Reputation: 42
I have a table having year, month and day as partition. I am trying to find an optimized way to read the data for last n days using parameters. The only way I can do this at the moment is by specifying each of the combination of year, month, and day individually which is very problematic if we have to read a lot of data, say for 1 month. Below is a sample example.
select count(*) from table
where (year = 2021 and month = 7 and day = 5)
or (year = 2021 and month = 7 and day = 4)
or (year = 2021 and month 7 and day 3)
I am interested in knowing the following.
select count(*) from table
where year = 2021 and month = 7 and (case when day between 4 and 7 then 1 else 0 end) = 1
How does partition work behind the scenes? I believe that the query gets converted into a map reduce job before execution. Will the both codes mentioned above will be converted to same map reduce job?
Can I use functions like case when freely with partitioned columns in where clause and will the hive query engine be able to interpret the function and scan the appropriate partitions?

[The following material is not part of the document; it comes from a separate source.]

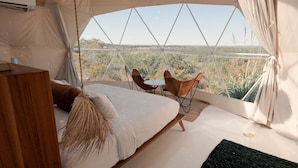 Une pièce aménagée sous une tente, avec un lit, une petite table, deux chaises et une vue sur le paysage.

Is there any built in function in hive to know which partitions are getting hit by the query? If not, is there any workaround? Is there any way to know the same in presto?
Upvotes: 0
Views: 440
Reputation: 38335
Partition pruning works fine with queries like this, the logic is like in your CASE expression:
where concat(year, '-', month, '-', day) >= '2021-07-04'
and
concat(year, '-', month, '-', day) <= '2021-07-07'
See this answer.
How to check how partition pruning works: Use EXPLAIN DEPENDENCY
or EXPLAIN EXTENDED
See this answer.
Upvotes: 1